Fundamentals of Marxism–Leninism is a book by a group of Soviet authors headed by Otto Wille Kuusinen. The work is considered one of the fundamental works on dialectical materialism and on Leninist communism. The book remains important in understanding the philosophy and politics of the Soviet Union; it consolidates the work of important contributions to Marxist theory.

== Publication ==

The first edition was published in 1960. A second revised edition was published in 1963. The text draws heavily from the works of Karl Marx and Vladimir Lenin, with additional references to Friedrich Engels and Nikita Khrushchev.

== Synopsis ==

===Part One: The Philosophical Foundations of The Marxist-Leninist World Outlook===

Part One of Fundamentals covers materialist and idealist philosophy, the use of dialectics within materialist philosophy and its opposition to metaphysics, and develops a theory of knowledge, truth, necessity, and human freedom.

The text argues that only a consistently materialist approach to philosophy can be truly scientific, since it requires the recognition of the objective existence of matter, as outside and independent of the human mind.
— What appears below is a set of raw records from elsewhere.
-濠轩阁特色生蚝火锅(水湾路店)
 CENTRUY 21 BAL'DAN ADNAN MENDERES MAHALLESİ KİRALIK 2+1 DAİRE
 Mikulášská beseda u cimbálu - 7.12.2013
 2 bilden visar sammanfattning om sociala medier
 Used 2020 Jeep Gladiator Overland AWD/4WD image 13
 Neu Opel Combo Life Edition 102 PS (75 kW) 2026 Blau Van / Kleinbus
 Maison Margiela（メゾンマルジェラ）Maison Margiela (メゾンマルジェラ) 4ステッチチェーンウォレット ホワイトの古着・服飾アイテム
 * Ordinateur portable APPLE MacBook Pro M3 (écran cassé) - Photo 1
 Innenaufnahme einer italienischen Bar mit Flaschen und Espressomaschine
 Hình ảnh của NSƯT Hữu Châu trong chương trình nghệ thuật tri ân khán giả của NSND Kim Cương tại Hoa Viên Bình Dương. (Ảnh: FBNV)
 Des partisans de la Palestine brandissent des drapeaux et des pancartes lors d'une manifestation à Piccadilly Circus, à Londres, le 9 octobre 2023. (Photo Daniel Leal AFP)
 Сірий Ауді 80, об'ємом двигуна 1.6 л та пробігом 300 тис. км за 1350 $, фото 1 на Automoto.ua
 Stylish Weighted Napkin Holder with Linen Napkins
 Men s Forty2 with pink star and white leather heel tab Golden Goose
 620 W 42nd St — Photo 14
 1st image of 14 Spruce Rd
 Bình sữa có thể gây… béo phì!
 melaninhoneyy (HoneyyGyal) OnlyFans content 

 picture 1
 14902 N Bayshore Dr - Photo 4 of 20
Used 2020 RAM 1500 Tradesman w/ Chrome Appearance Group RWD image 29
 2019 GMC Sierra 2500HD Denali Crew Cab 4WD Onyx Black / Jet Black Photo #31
===Part Two: The Materialist Conception of History===

Part Two of the work covers Marxist theories of history, or historical materialism, by outlining the role of the mode of production, class, class struggles, the state and the individual in social development.

===Part Three: Political Economy of Capitalism===

Part Three summarizes Marx's Das Kapital and Lenin's theory of imperialism.

===Part Four: Theory and Tactics of the International Communist Movement===
Part Four covers the Marxist–Leninist strategy of the international communist and working-class movement.

===Part Five: Socialism and Communism===
Part Five summarizes the main features of the socialist mode of production.